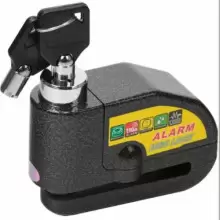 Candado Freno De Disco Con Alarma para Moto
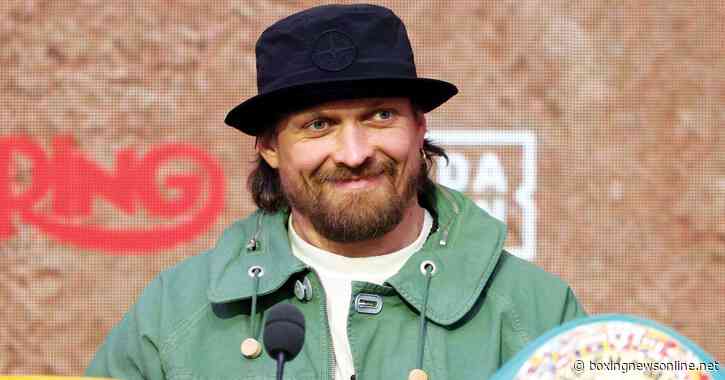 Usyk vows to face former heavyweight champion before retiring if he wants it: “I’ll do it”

...

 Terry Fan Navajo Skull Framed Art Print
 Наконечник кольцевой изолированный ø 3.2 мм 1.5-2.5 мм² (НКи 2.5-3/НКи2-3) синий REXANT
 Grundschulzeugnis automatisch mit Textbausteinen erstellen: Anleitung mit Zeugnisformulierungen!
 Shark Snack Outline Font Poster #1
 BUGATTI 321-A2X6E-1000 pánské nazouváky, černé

---

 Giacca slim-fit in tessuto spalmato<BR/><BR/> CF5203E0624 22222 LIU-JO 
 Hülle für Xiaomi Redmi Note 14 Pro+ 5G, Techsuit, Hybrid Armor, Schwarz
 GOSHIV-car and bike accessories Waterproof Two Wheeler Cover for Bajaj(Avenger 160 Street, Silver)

▸ **Task to carry out**: With the pictures removed, print only the lines starting at the line that has "Candado Freno De Disco Con Alarma para Moto" and ending at the line that has "Usyk vows to", both ends included, exactly as they stand above.

▸ **Answer section**:
 Candado Freno De Disco Con Alarma para Moto
 Usyk vows to face former heavyweight champion before retiring if he wants it: “I’ll do it”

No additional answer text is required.